These soft, chewy pretzels are made the traditional Bavarian way with a lye water bath to give the crust its distinctive brown color and flavor.
The secret to an authentic Bavarian pretzel is lye. Yes, the same stuff that’s in your bar of soap. But don’t worry, the lye used to make pretzels is a safe, food-grade lye solution. It’s what gives the pretzel its distinct texture, color, and flavor. This recipe, courtesy of Executive Chef Colin MacLaggan of Ballast Point Brewery, will guide you through the process of making your own Bavarian pretzels at home.
- 2 oz dry yeast
- 1 qt warm water
- 2 tsp salt
- 1½ tbsp sugar
- 4 lbs all-purpose flour
- Pretzel salt
- To make the lye solution, add a little bit of lye at a time to the hot water. Follow instructions on the box, and wear protective gloves and eyewear at all times.

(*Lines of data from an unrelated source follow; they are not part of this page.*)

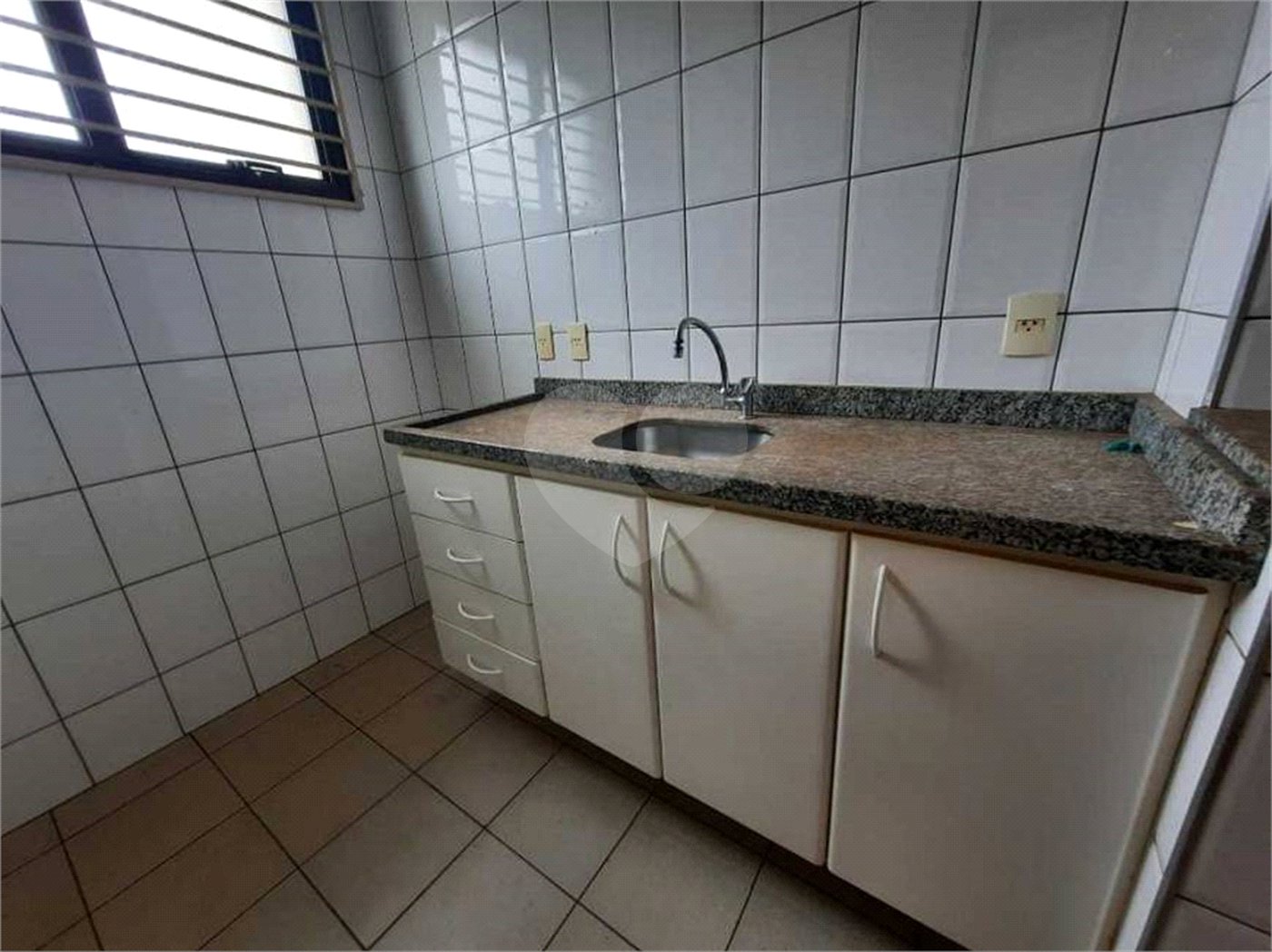 Apartamento no Condomínio Maktub.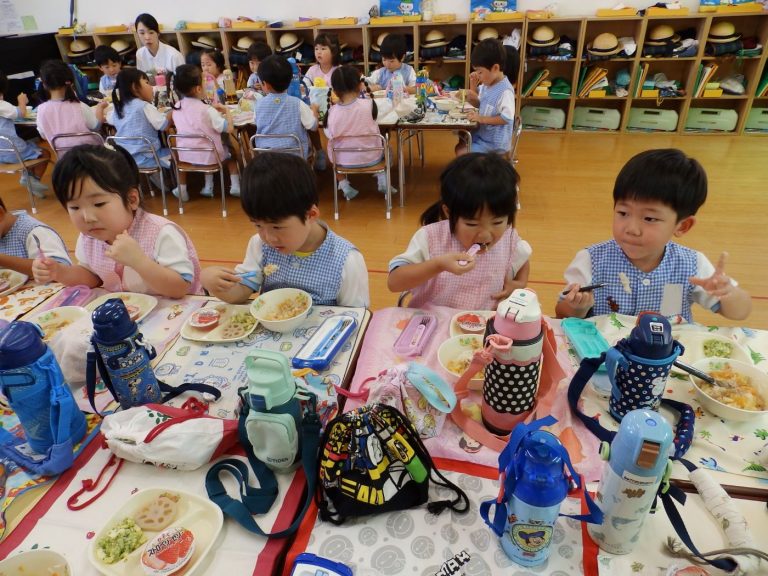 給食の様子　⑰　まつ組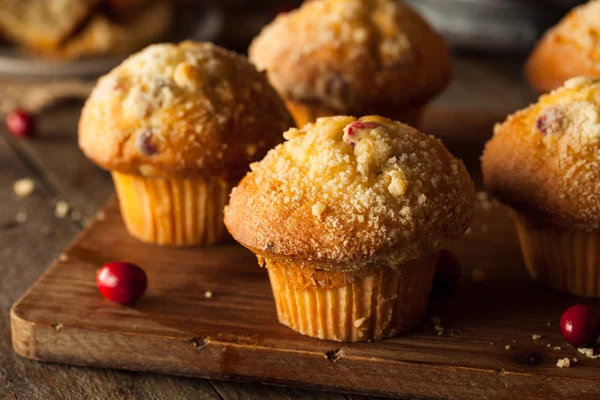 Frisch gebackene Preiselbeermuffins — Stockfoto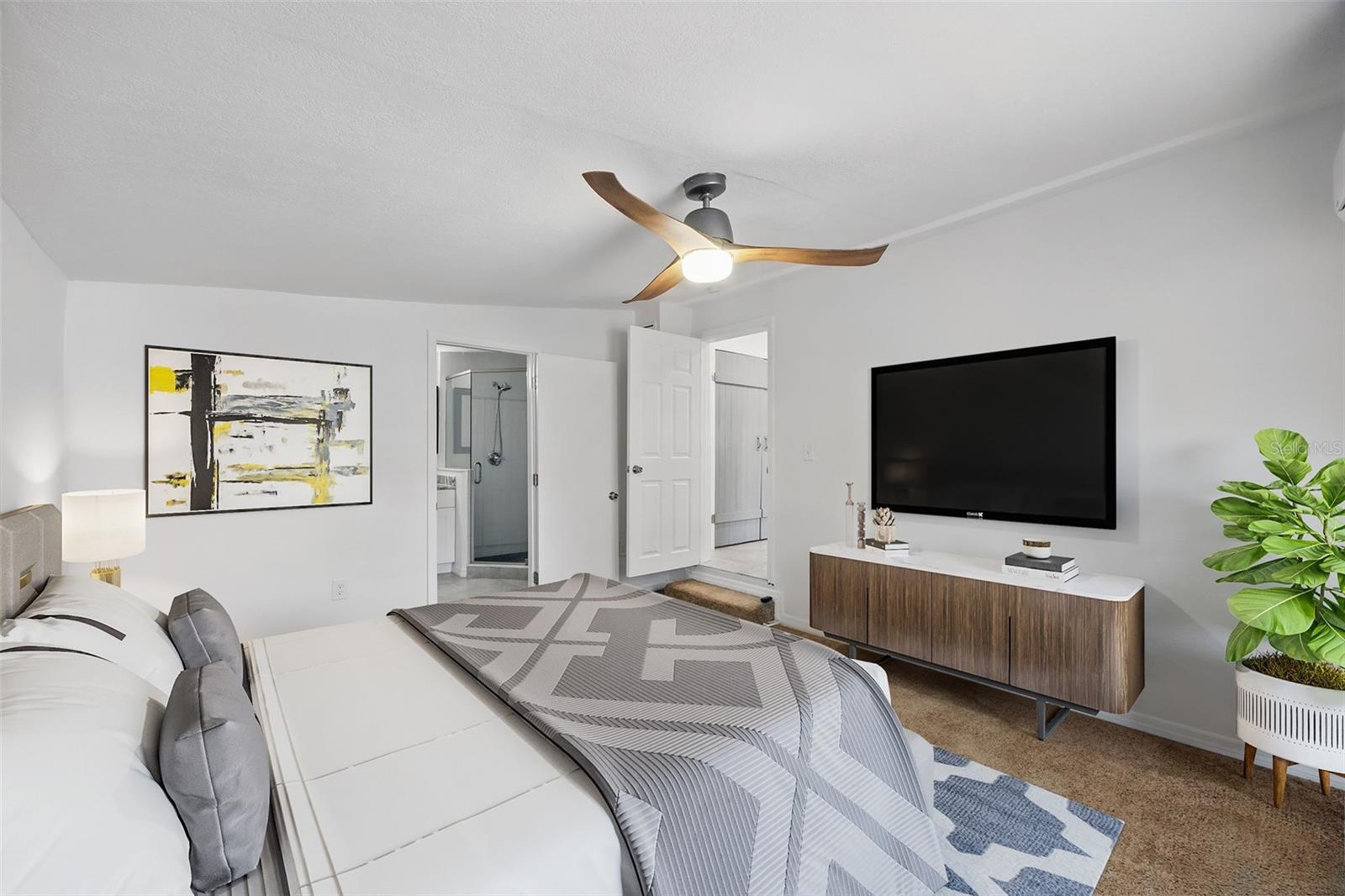 1206 E HAMILTON AVE, TAMPA, FL, 33604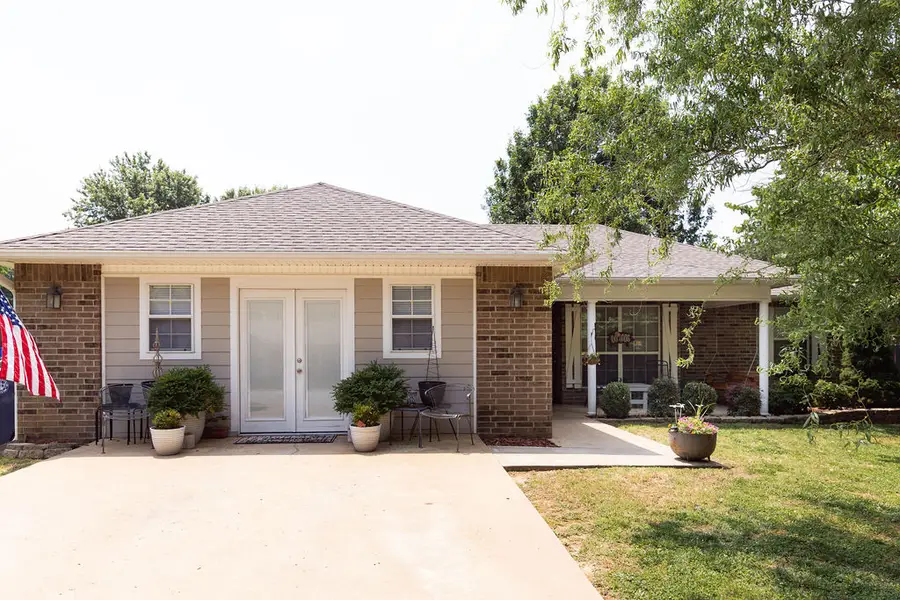 803 Cedar Lane, Prairie Grove, AR 72753 - #2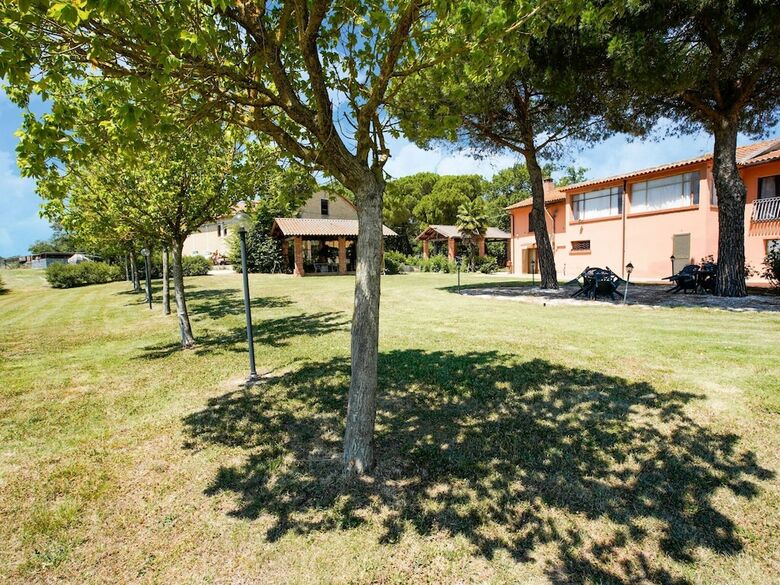 Enticing Holiday Home In Castiglione Del Lago With Pool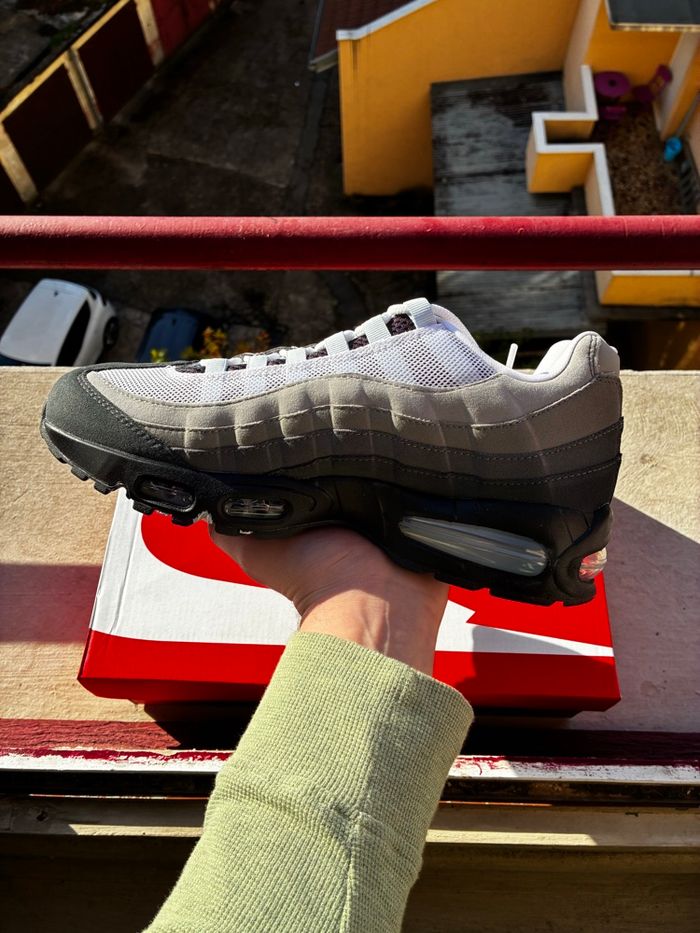 Nike Air Max 95 OG Black/Grey - Taille 44 - Neuves - photo numéro 4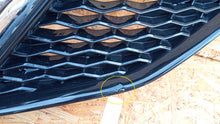 Laden Sie das Bild in den Galerie-Viewer, NISSAN QASHQAI II J11 13-17 KÜHLERGRILL GITTER 623124EA0D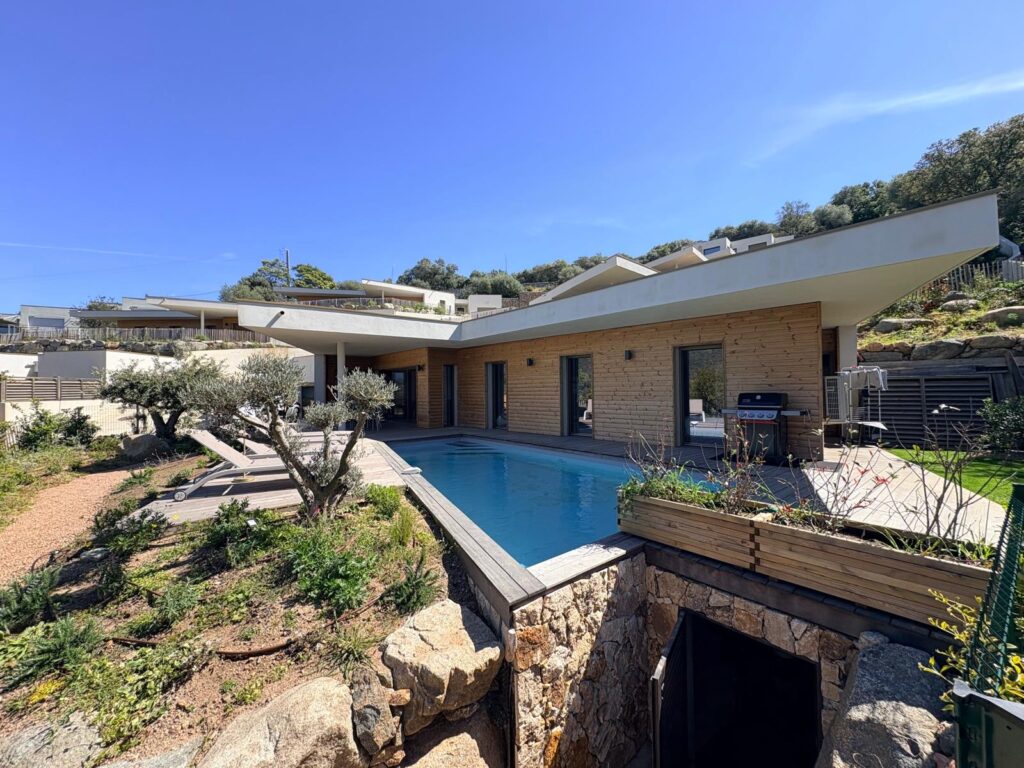 dfb8a84f-cf0a-4d74-adec-8241d3813ab9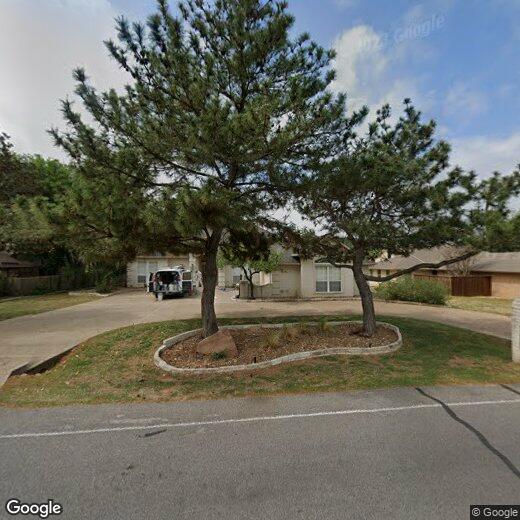 Foto principal - 9304 Ravenswood Rd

- Dissolve the yeast in warm water. Add sugar. Add flour in thirds. Mix in a stand mixer with a hook attachment for 8 minutes.
- Place dough in a buttered bowl, turn over, butter all sides, and cover loosely with plastic. Let rise in a warm place for approximately 45 minutes.
- Punch the dough down. Divide into pieces and roll out ropes. Twist into the classic pretzel shape. Rest on buttered parchment paper.
- Wearing rubber gloves, and using tongs or a large spatula, dip the pretzel in the lye solution.
- Place pretzels on silpat mats or buttered parchment paper on stainless-steel baking sheets. Sprinkle pretzels evenly with pretzel salt.
- Bake at 450 degrees for 10 to 15 minutes.
- MacLaggan suggests buying food-grade lye (called food-grade hydroxide lye micro beads) from Essential Depot on Amazon and using rubber gloves and eye protection.
- If your oven has a convection cooking option, use it. If not, then MacLaggan suggests rotating your pans midway through the cooking process to ensure even baking.
- MacLaggan recommends mustard and beer cheese as sides for pretzels.